→ **Work request**:
From first line to last, copy the listing exactly and omit its pictures.

→ **Input data**:

%%

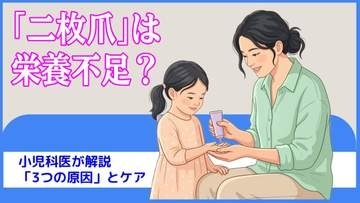 子どもの「二枚爪」は栄養不足？ 小児科医が解説「3つの原因」とケア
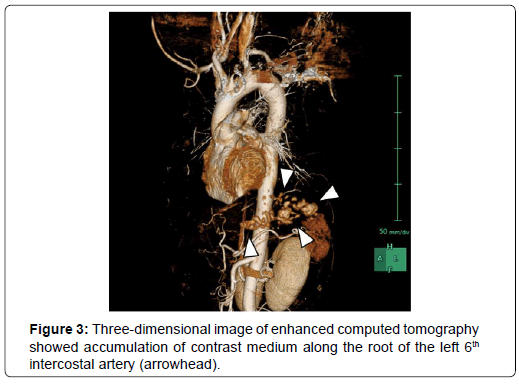 clinical-images-case-reports-arrowhead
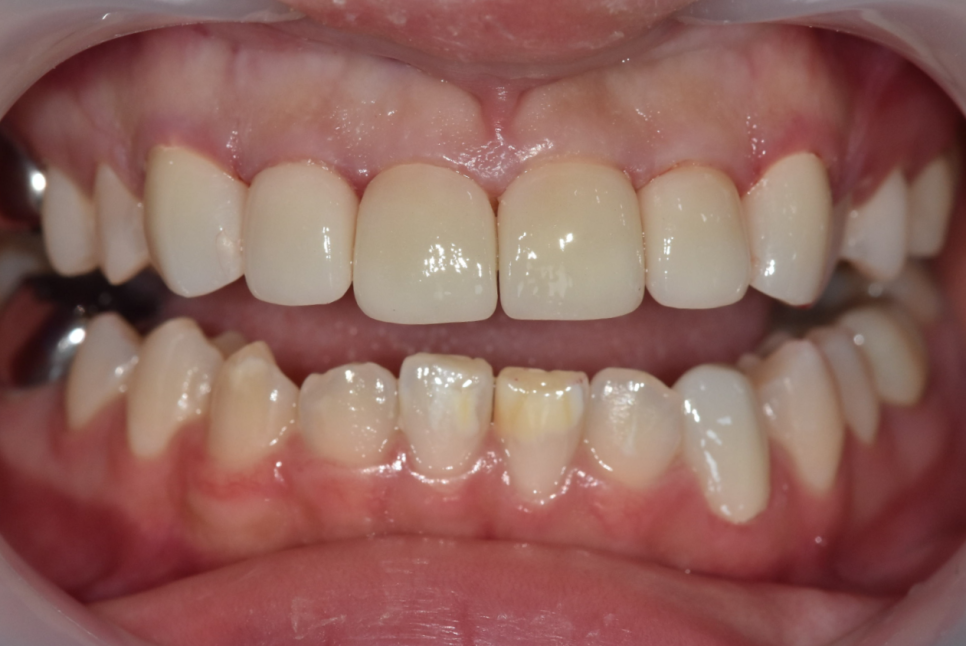 강동구 라미네이트, 치아 하얀 반점 없애고 싶다면? 치료 방법 관련 이미지 14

%%

→ **Problem solution**:
 子どもの「二枚爪」は栄養不足？ 小児科医が解説「3つの原因」とケア
 clinical-images-case-reports-arrowhead
 강동구 라미네이트, 치아 하얀 반점 없애고 싶다면? 치료 방법 관련 이미지 14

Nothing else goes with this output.